Name to be used when sending out emails, defaults to Grafana

[log]

mode

Either “console”, “file”, “syslog”. Default is console and file Use space to separate multiple modes, e.g. “console file”

level

Either “debug”, “info”, “warn”, “error”, “critical”, default is “info”

filters

optional settings to set different levels for specific loggers. Ex filters = sqlstore:debug

[metrics]

enabled

Enable metrics reporting. defaults true. Available via HTTP API /api/metrics.

interval_seconds

Flush/Write interval when sending metrics to external TSDB. Defaults to 10s.

[metrics.graphite]

Include this section if you want to send internal Grafana metrics to Graphite.

address

Format <Hostname or ip>:port

prefix

Graphite metric prefix. Defaults to prod.grafana.%(instance_name)s.

[snapshots]

external_enabled

Set to false to disable external snapshot publish endpoint (default true)

external_snapshot_url

Set root url to a Grafana instance where you want to publish external snapshots (defaults to https://snapshots-origin.raintank.io)

external_snapshot_name

Set name for external snapshot button. Defaults to Publish to snapshot.raintank.io

remove expired snapshot

Enabled to automatically remove expired snapshots

remove snapshots after 90 days

Time to live for snapshots.

[external_image_storage]

These options control how images should be made public so they can be shared on services like slack.

provider

You can choose between (s3, webdav). If left empty Grafana will ignore the upload action.

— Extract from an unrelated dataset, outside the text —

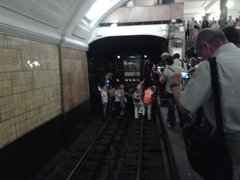 Пострадавшим от пожара в метро выплатят по 100 тысяч рублей Пострадавшим от пожара в метро выплатят по 100 тысяч рублей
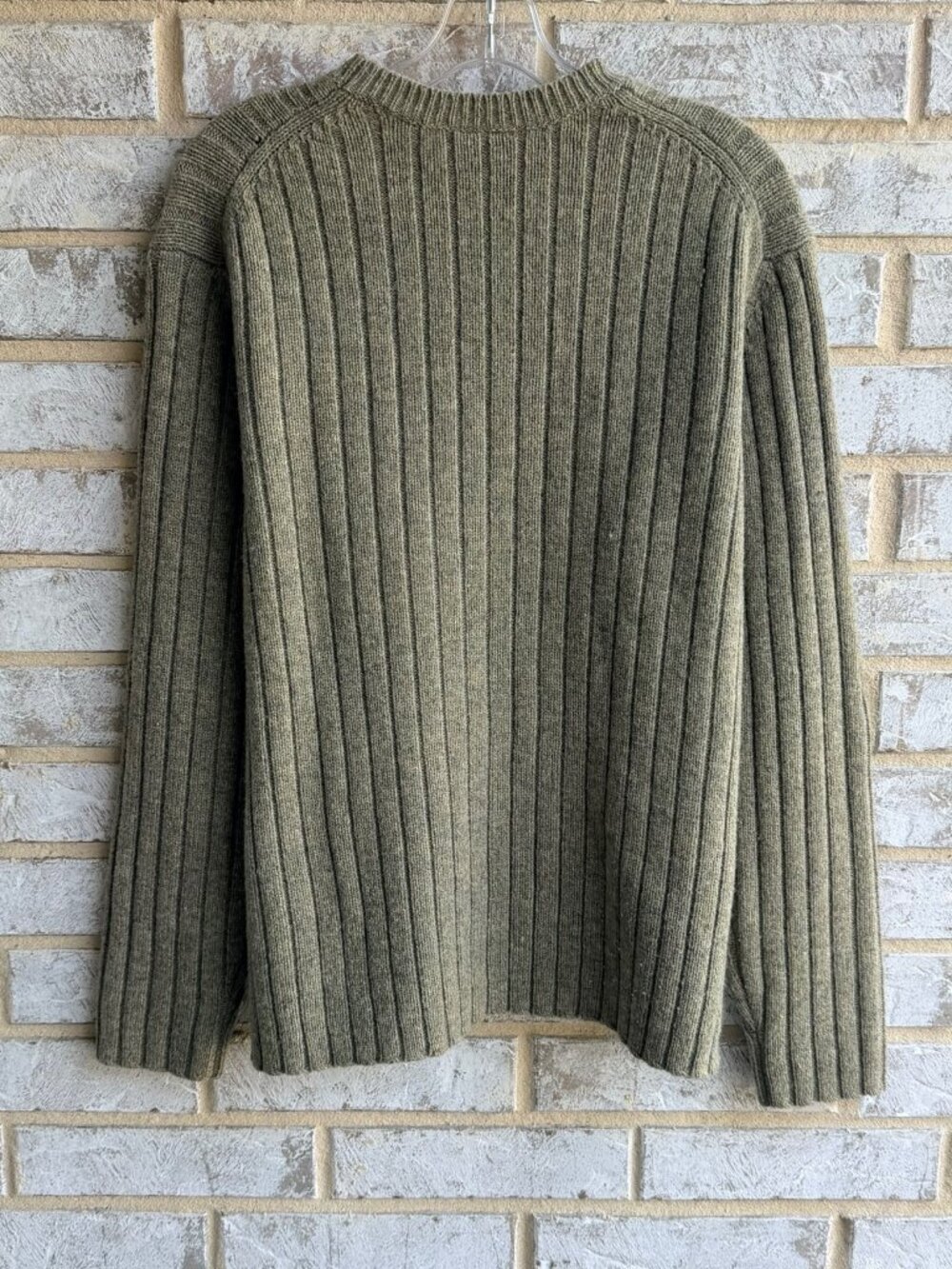 GAP 100% Lambswool Long Sleeve Crew Neck Ribbed Knit Sweater Men's Size M - Picture 2 of 8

[external_image_storage.s3]

bucket_url

Bucket URL for S3. AWS region can be specified within URL or defaults to ‘us-east-1’, e.g.

access_key

Access key. e.g. AAAAAAAAAAAAAAAAAAAA

Access key requires permissions to the S3 bucket for the ‘s3:PutObject’ and ‘s3:PutObjectAcl’ actions.

secret_key

Secret key. e.g. AAAAAAAAAAAAAAAAAAAAAAAAAAAAAAAAAAAAAAAA

[external_image_storage.webdav]

url

Url to where Grafana will send PUT request with images

public_url

Optional parameter. Url to send to users in notifications, directly appended with the resulting uploaded file name.

username

basic auth username

password

basic auth password

[alerting]

enabled

Defaults to true. Set to false to disable alerting engine and hide Alerting from UI.

execute_alerts

execute_alerts = true

Makes it possible to turn off alert rule execution.